The markets overcame their worst start ever to a year and finished 2016 with a gain of 9.5% on the S&P 500 index. The DOW almost touched 20,000 before finally ending the year at 19,780. It was a year marked by surprises and punctuated by the election in which Donald Trump’s victory precipitated a vigorous, year-end rally.
Although the market ended 2016 in fine fashion, it didn’t start out that way. Markets swooned 15% in January and February. Oil prices sagged to $26 per barrel. Investors fretted about a sagging Chinese economy. The markets were deteriorating drastically enough to resemble past bear markets.
World central banks reacted and jumped in to save the markets by printing money. When it appeared as though the China condition was not so dire, the market bounced back. The early 2016 losses were recovered by mid- April.
There were more surprises in store, however. In June, the market was back into record territory only to be hit by the Brexit vote. This caused a sudden sell-off in the markets. Investors changed their view in short order and determined that Brexit would NOT be bad for economies. Another surprise…
As the election date approached, the market was tipping over. The S&P 500 dropped 5% from its August high.
On an emotional election night, fear broke out in the markets when it looked like Trump would win. The S&P 500 futures markets plunged 5%. This equated to a 900 point drop in the DOW. An apparent Trump victory was greeted with deep consternation in the markets. Famous economist Paul Krugman wrote at the time, “So we are very probably looking at a global recession, with no end in sight. I suppose we could get lucky somehow. But on economics, as on everything else, a terrible thing has just happened.”
Despite this negative outlook, the markets began to stabilize. By Wednesday morning, the DOW was only down 200 points and within five minutes, it turned positive! This was a stunning reversal. The gloom on Tuesday night turned to relief on Wednesday and the markets rallied. It was a wild and emotional ride.
Over the next ten days, the Dow Jones rallied over 1000 points and the S&P gained 3%. Both indexes broke out of ranges that had confined stocks for nearly two years. The Trump victory followed by a market rally was a complete surprise to everyone working in the investment business.
Investment managers will need to decide whether the recent strength in the markets can be sustained. Will the DOW hit 20k?
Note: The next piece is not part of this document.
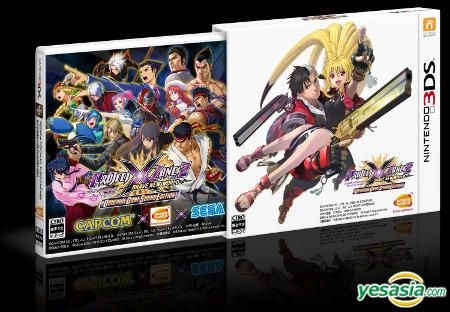 YESASIA : Project X Zone 2: Brave New World (3DS) (初回限定版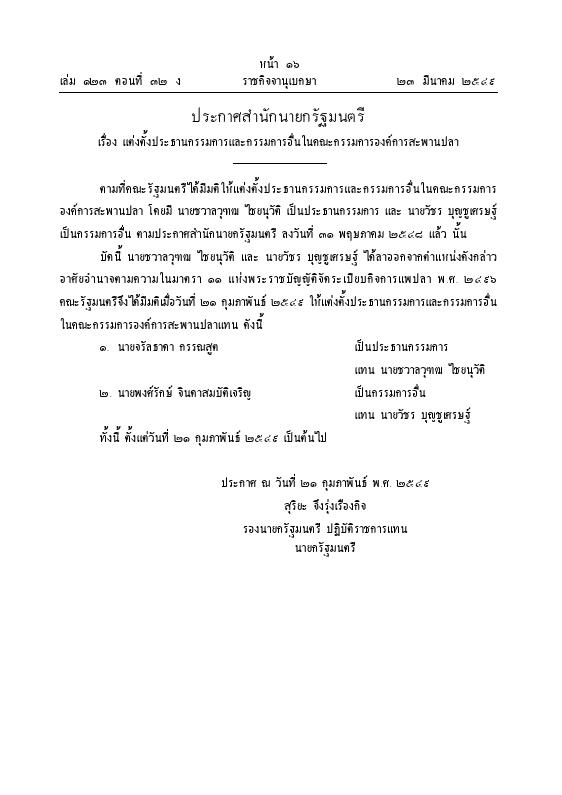 ภาพตัวอย่าง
A more meaningful question is, will the DOW maintain 20k?
The markets seem bolstered by more than a new administration. Corporate earnings finally broke a five-quarter losing string by posting a 6% increase in the third quarter. Maybe our economy is going to finally start growing. If this happens, it would be bullish for 2017.
“It was the best of times. It was the worst of times.” The opening of the Charles Dickens classic, “A Tale of Two Cities”, describes the curious trading courses of Nike and Caterpillar Tractor over the past two years.
Both stocks are in the DOW 30. They are both important components of the market and our economy, for that matter. Both companies permeate their respective cultures in Portland and the industrial Midwest. They are both iconic brand names.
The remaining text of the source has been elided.